# Wie macht Ihr das: Appletzugriff auf SQL, welches lokal ist



## Erddrache (19. Jul 2006)

Sorry wegen des doofen Titel - ich wußte net, wie ichs kurz schreiben/ erklären sollte. 
Also folgendes, ich hab n Applet, welches auf ne SQL Datenbank zugreifen soll... Jetzt bieten aber eigentlich fast alle Provider/ Hoster nur Datenbanken an, die auf dem Server selbst gesteuert werden können (also nur "localhost" Adressen) - sprich, wenn ich mein Applet starte bzw runterlade, kann ich nicht auf die gewünschte Datenbank zugreifen, weil diese ja nicht auf dem localhost sonder beim Provider aufm Server liegt...
Ich versteh ja auch, wieso man sowas man, vonwegen DoS etc... Aber im Gegenzug - wie umgeht man dieses Problem??? Geht das dann überhaupt mit nem Applet noch - weil ich das ja egal wie vorher runter lade bzw dies der Browser macht...
Wie macht ihr sowas???
Danke und Gruß
Erddrache


----------



## foobar (19. Jul 2006)

So wie immer: Datenhaltung, Geschäftslogik und Darstellung(in diesem Fall das Applett) voneinander trennen. Die Geschäftslogik stellt dann remote Methoden zur Verfügung um bestimmte Aktionen auszuführen. Wie man das genau löst ist aber eine Wissenschaft für sich, da es sehr viele APIs in diesem Bereich gibt.


----------



## bronks (19. Jul 2006)

Erddrache hat gesagt.:
			
		

> ... auf dem localhost sonder beim Provider aufm Server liegt ... Problem??? Geht das dann überhaupt mit nem Applet noch - weil ich das ja egal wie vorher runter lade bzw dies der Browser macht...
> Wie macht ihr sowas???...


Die simpleste Antwort wäre: Statt localhost die Adresse des Providers eingeben. Mit 99,9999%iger Sicherheit wird das nicht funktionieren, denn sowas kann man im sicheren Intranet machen, aber es gibt keine Provider, der die Datenbank nach außen aufmacht.


----------



## Erddrache (19. Jul 2006)

OK, sagen wir, ich hätte sowas wie MVC berücksichtigt - sprich, das Applet ist meine View-Ebene - wie mach ich das dann trotzdem??? Mit deinen Worten, wie realisiere ich die Geschäftslogik, wenn sie doch im Applet enthalten ist...
N paar Stichwörter oder so, daß ich weiß, nach was ich suchen muß...


----------



## foobar (19. Jul 2006)

> aber es gibt keine Provider, der die Datenbank nach außen aufmacht.

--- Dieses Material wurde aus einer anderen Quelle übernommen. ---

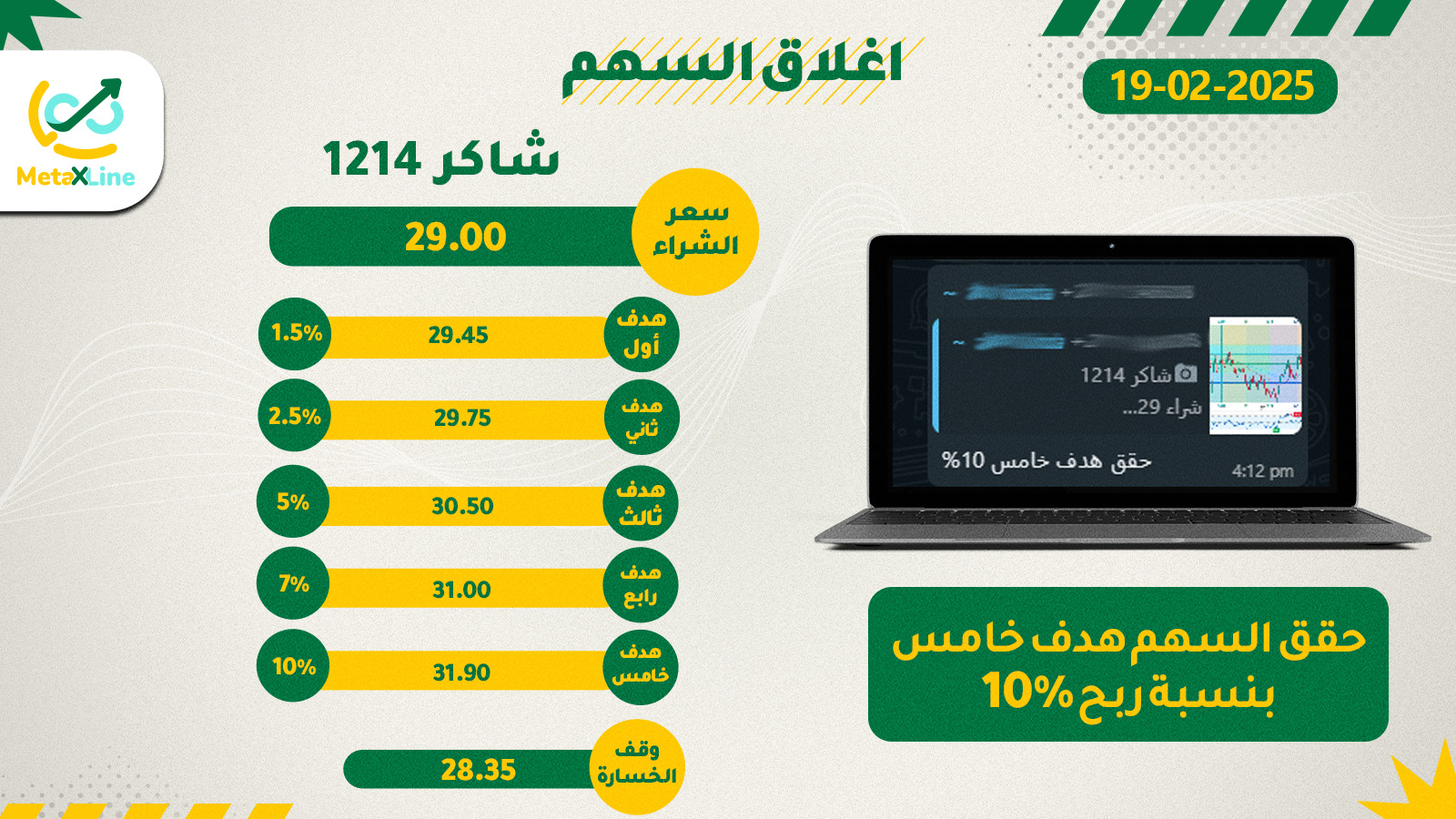 اغلاق سهم شاكر 1214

Und das ist auch gut so. Schon schlimm genug, daß alles vollgespamt wird, da können wir auf unsichere DB-Verbindungen übers Inet gerne verzichten.


----------



## SamHotte (19. Jul 2006)

Du kannst bspw. die Geschäftslogik und die Datenbankzugriffe als Serverprogramm bauen, das auf der gleichen Maschine liegt wie die Datenbank, und dann vom Applet via RMI auf das Serverprogramm zugreifen.


----------



## foobar (19. Jul 2006)

> Mit deinen Worten, wie realisiere ich die Geschäftslogik, wenn sie doch im Applet enthalten ist...
> N paar Stichwörter oder so, daß ich weiß, nach was ich suchen muß...


Da gibt es sehr viele Möglichkeiten. Such mal nach RMI, SOAP, XML-RPC, Sockets, J2EE, Spring Framework und Axis.


----------